Well our Classifier Misclassified only "6" values. But out of how many ??

In [31]:
print('Total Predicted Values: ',len(y_pred))
Total Predicted Values:  140

Woww !! Out of 140 values, only 6 values were Misclassified by our Trained Classifier. That's pretty impressive. Let's calculate the confidence and accuracy score for this.

In [32]:
# Confidence
confidence = clf.score(X_test, y_test)
print('Confidence of Classifier: ',confidence)
Confidence of Classifier:  0.957142857143

So, our Classifier is 95% confident of its predictions.

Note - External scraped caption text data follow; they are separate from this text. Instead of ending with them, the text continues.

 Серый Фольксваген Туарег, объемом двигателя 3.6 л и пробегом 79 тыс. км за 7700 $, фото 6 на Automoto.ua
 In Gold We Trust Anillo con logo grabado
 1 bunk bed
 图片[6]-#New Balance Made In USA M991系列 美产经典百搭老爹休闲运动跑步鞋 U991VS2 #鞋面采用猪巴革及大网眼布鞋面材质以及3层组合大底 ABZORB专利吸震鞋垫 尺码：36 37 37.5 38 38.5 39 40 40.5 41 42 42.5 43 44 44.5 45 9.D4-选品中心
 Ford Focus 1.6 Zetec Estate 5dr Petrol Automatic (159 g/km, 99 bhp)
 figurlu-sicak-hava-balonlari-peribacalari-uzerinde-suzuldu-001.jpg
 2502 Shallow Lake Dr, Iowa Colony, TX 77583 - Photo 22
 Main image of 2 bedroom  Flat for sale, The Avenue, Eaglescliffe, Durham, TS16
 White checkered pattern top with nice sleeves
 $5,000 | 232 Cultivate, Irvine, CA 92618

That is what we saw above where only 6 values were misclassified from 140. Pretty good.

In [33]:
# Accuracy Score
acc = accuracy_score(y_test,y_pred)
print('Accuracy Score of Classifier: ',acc)
Accuracy Score of Classifier:  0.957142857143

Let's check the Confusion Matrix to see the number of True positive and False Positives.

In [34]:
# Confusin Matrix
conf = confusion_matrix(y_test, y_pred)
print('Confusion Matrix: \n',conf)
Confusion Matrix: 
 [[91  1]
 [ 5 43]]

These values show that we have 91 True Positive values, 5 False Positive Values. Also, we have 1 False Negative Value and 43 True negative Values predicted.